Alimony refers to the payments that a higher-earning spouse makes to a lower-earning spouse after divorce. The purpose of alimony is to help the lower-earning spouse maintain the standard of living they enjoyed during the marriage. Courts often consider several factors when determining whether to award alimony and how much the payments should be.
The length of the marriage
Generally, the longer the marriage, the more likely it is that alimony will get awarded. This is because a long marriage is typically associated with a greater disparity in earnings between spouses. Additionally, the longer a couple gets married, the more likely it is that the lower-earning spouse will have given up career opportunities to care for the home or family. Courts often view alimony as a way to help the lower-earning spouse get back on their feet and become self-sufficient.

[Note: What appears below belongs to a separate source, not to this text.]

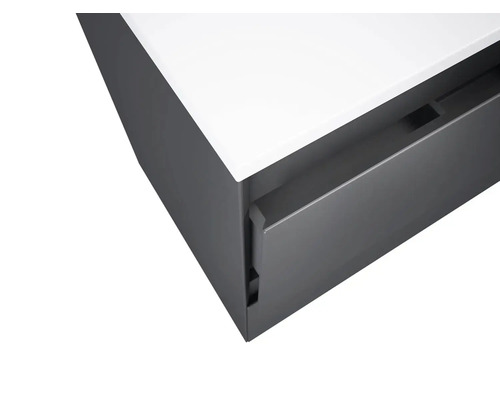 Prim-plan al unui dulap de baie cu sertar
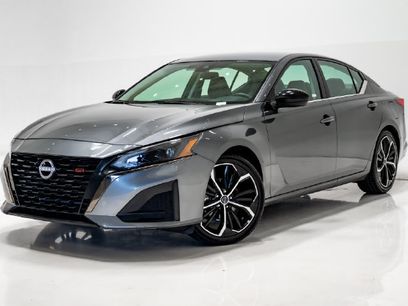 Used 2025 Nissan Altima 2.5 SR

The earning capacity of each spouse
This includes factors such as education, work experience and job skills. If one spouse has a much higher earning potential than the other, it is more likely that they will be ordered to pay alimony. Just remember, even if one spouse has a higher earning potential, this does not guarantee that they will have to pay alimony because, for instance, the other spouse may have significant assets.

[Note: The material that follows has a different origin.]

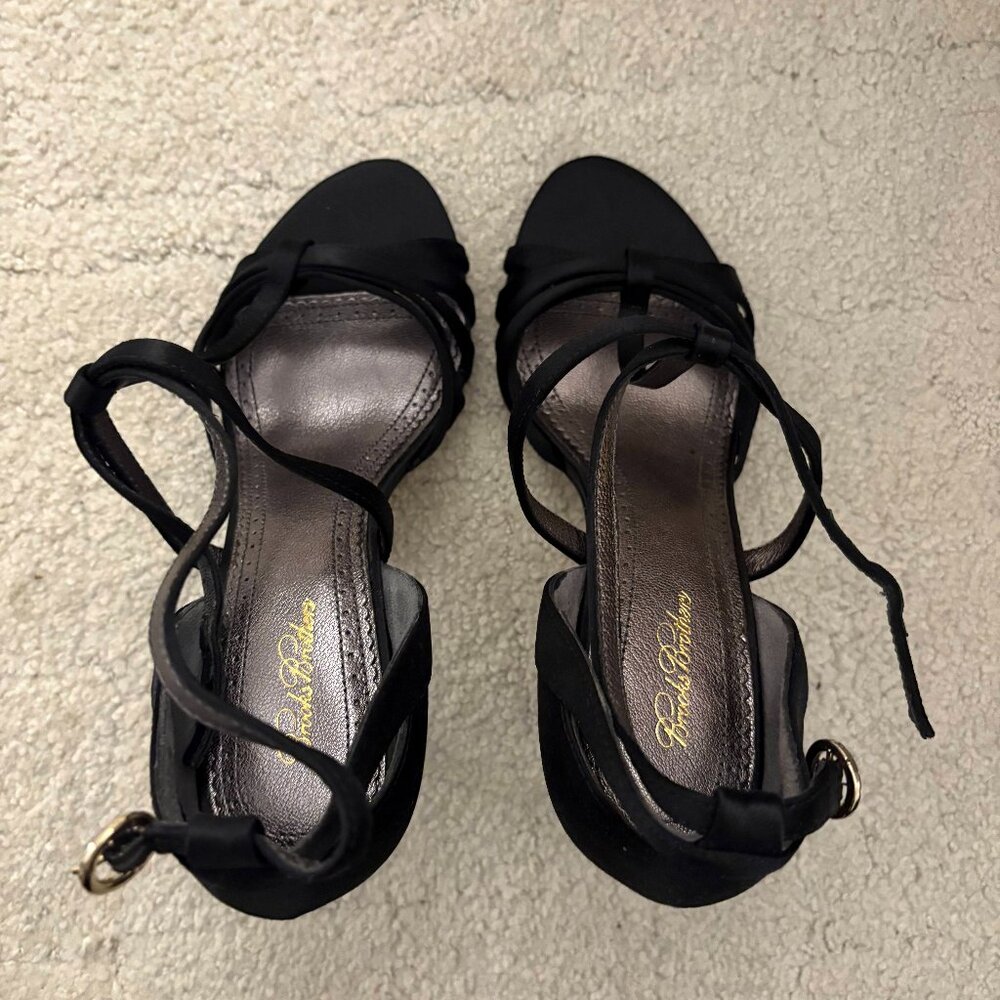 Brooks Brothers strappy velvet heels black size 7.5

The age and health of each spouse
Generally, the younger and healthier a spouse is, the more likely they are to be ordered to pay alimony. This is because the younger and healthier spouse is more likely to be able to reenter the workforce and become self-sufficient. Also, if one spouse has significant health issues that will prevent them from working, this may increase the chances that they will get awarded alimony.
If you’re getting divorced and are worried about whether you will have to pay or receive alimony, it’s important to understand the factors that courts typically consider. While there is no guarantee that any one factor will determine the outcome, understanding how courts make decisions can help you better prepare for what to expect.